Wetsvoorstel afbouw salderingsregeling zonnepanelen ingediend Tweede Kamer

09.10.2020 Joyce Beuken

Wetsvoorstel afbouw salderingsregeling zonnepanelen ingediend Tweede Kamer
Roel Wijnants

Minister Wiebes heeft het aangepaste wetsvoorstel met betrekking tot de afbouw van de salderingsregeling verstuurd naar de Tweede Kamer. Er zijn slechts een aantal kleine wijzigingen doorgevoerd.

Afgelopen zomer werd er extra onderzoek gedaan naar de afbouw van de salderingsregeling. De Raad van State liet weten dat de terugverdientijd van zonnepanelen mogelijk teveel zou stijgen, voor zowel eigenaren van huur- als koopwoningen. Adviesbureau KWINK voerde het aanvullend onderzoek uit.
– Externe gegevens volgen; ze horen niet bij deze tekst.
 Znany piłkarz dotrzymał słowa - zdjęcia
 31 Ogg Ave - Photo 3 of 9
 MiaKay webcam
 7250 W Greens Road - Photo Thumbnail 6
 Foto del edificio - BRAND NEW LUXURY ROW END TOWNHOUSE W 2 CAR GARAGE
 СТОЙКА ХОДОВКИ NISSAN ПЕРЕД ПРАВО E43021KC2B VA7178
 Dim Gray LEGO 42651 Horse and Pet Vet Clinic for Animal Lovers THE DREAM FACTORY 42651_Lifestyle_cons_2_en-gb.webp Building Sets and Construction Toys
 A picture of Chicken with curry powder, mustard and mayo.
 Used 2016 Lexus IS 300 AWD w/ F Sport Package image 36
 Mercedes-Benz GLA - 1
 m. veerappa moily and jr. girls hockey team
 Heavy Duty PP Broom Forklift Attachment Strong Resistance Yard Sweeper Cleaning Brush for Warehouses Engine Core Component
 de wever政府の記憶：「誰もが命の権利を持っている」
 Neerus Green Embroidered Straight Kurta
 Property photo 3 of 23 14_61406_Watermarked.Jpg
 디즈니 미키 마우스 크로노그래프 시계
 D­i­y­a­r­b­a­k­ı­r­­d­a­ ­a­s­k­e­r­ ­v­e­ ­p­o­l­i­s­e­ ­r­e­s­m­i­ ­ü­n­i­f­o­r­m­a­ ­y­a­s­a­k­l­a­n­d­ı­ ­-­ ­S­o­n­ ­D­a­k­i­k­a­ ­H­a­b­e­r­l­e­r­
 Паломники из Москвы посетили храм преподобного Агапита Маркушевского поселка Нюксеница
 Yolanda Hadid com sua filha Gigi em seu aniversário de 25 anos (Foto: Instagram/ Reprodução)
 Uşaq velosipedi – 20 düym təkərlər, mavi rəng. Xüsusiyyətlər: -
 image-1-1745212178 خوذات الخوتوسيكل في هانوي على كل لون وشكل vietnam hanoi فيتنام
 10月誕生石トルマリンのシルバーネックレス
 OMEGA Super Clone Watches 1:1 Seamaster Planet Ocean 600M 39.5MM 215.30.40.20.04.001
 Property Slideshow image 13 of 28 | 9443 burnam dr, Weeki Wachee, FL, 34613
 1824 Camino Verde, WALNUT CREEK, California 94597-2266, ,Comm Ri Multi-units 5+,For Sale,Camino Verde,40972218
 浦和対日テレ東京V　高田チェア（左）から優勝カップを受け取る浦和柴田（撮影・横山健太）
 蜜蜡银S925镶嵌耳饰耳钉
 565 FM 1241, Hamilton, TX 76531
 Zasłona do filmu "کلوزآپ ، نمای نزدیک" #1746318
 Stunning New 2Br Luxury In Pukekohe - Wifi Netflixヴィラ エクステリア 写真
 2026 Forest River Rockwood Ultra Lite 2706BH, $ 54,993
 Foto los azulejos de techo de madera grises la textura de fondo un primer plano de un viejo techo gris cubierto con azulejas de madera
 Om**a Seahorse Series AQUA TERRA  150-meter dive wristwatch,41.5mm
In 2031 niet meer salderen

Veel is er niet veranderd. De salderingsregeling zoals we hem nu kennen, blijft alsnog bestaan tot 2023. Daarna wordt er tot 2031 stapsgewijs afgebouwd naar 0. Vanaf 2023 mag er ieder jaar 9% minder gesaldeerd worden. De Raad van State uitte eerder kritiek op de afbouw, maar minister Wiebes weerlegt dit in zijn toelichting. Wiebes stelt dat het afbouwen van de regeling noodzakelijk is, omdat er anders teveel gestimuleerd wordt. Ook verwacht de minister dat ondanks de afbouw, de investering in zonnepanelen aantrekkelijk zal blijven. Hierdoor zal het realiseren van doelstelling van het Energieakkoord en Klimaatakkoord niet in gevaar komen.

Domino-effect

“Het onderzoek van TNO geeft ook aan dat er onzekerheden zijn, zoals de kostendaling van zonnepanelen en de ontwikkeling van het leveringstarief van elektriciteit, wat kan leiden tot een langere terugverdientijd dan 7 jaar’, schrijft Wiebes aan de Tweede Kamer. ‘In het rapport geeft TNO over deze onzekerheden aan dat het niet ondenkbaar is dat het effect van kostendaling en dat van elektriciteitstarieven elkaar gaat compenseren: wanneer de elektriciteitstarieven laag zijn, ontstaat er waarschijnlijk druk om de investeringskosten te laten dalen zodat investeringen in zonnepanelen rendabel blijven voor particulieren. Daardoor wordt het risico op stijgende terugverdientijden beperkt.”

Evaluatie

Iedere 5 jaar zal het proces van afbouwen geëvalueerd worden. Hiermee volgt minister Wiebes de aanbeveling van de Raad van State. “De monitoring van de ontwikkeling van hernieuwbare energie en zonnepanelen in het bijzonder via de Klimaat en Energie Verkenning (KEV) door het Planbureau voor de Leefomgeving wordt als de meest relevante periodieke monitoring gezien. Indien uit die monitoring zou blijken dat de verwachtingen niet worden waargemaakt, kan gericht vervolgonderzoek naar de oorzaken worden gedaan. Daarnaast is het gebruikelijk om belastinguitgaven iedere 5 jaar te evalueren. Dit geldt ook voor de afbouw van de salderingsregeling.”